Child care workers built movement to raise pay, include more families
By Kate Blackwood
In the early 1990s, labor activists responded, with some success, to the exploitation of waged child care workers by dissolving the usual labor divisions between workplace and home, employer and employee, and labor and love, according to a new account of the movement by Justine Modica, a Klarman Postdoctoral Fellow in history in the College of Arts and Sciences.
United by their close working relationships and their shared sense that society undervalues the work of caring for children, workers and center directors in the Worthy Wage movement strove to increase public funding of child care, ultimately making progress in organizing family child care centers, which are based in providers’ homes and funded largely by government stipends to low-income children.
Future efforts to fairly compensate child care workers will likely retain these redefined relationships between workers, bosses and families who receive care, Modica argues.

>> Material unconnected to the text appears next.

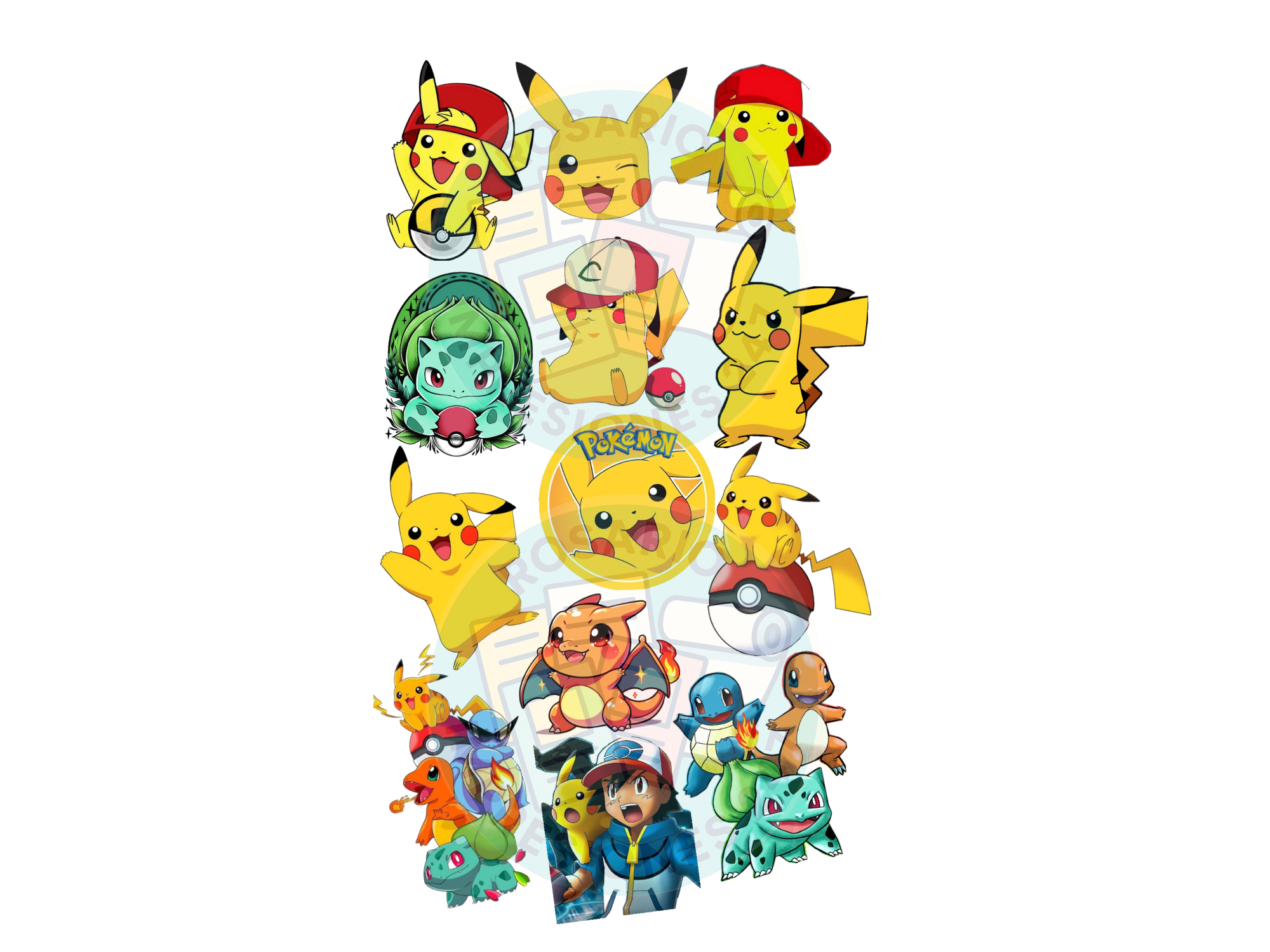 POKEMON MEDIANOS COD.97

“Worthy Wages in the Emerald City: Worker- and Director-Led Childcare Movements in Seattle, 1984-2006” published May 1 in the journal Labor: Studies in Working-Class History.
“The Worthy Wage movement brought to a boil a child care labor crisis that had been simmering for decades,” Modica wrote. As the portion of women with children in the work force expanded from 20% in 1950 to about 70% in 1995, “a low-wage child care workforce expanded rapidly, as well.”
By 1990s, it was a true industry: From 1967 to 1990, the number of child care centers tripled nationwide, and the number of children served quadrupled. But child care labor remained poorly compensated, Modica said. In 1989, child care workers in Seattle earned an average of $5.21/hour, typically in small centers with fewer than 15 employees and thin profit margins. Fewer than a third of these workers had full health care benefits, more than 40% worked a second job, and more than 40% left the profession each year.
In the 1970s and 1980s, child care labor activists in Berkeley, California; Ann Arbor, Michigan; Madison, Wisconsin; and Seattle began collaborating to address the undercompensation of child care workers nationwide, forming the roots of the Worthy Wage movement, Modica said.
The initial goal of Worthy Wage activists was to raise public awareness – starting with parents – of the links between compensation and quality of care in hopes that voters would urge policymakers to expand public funding for child care.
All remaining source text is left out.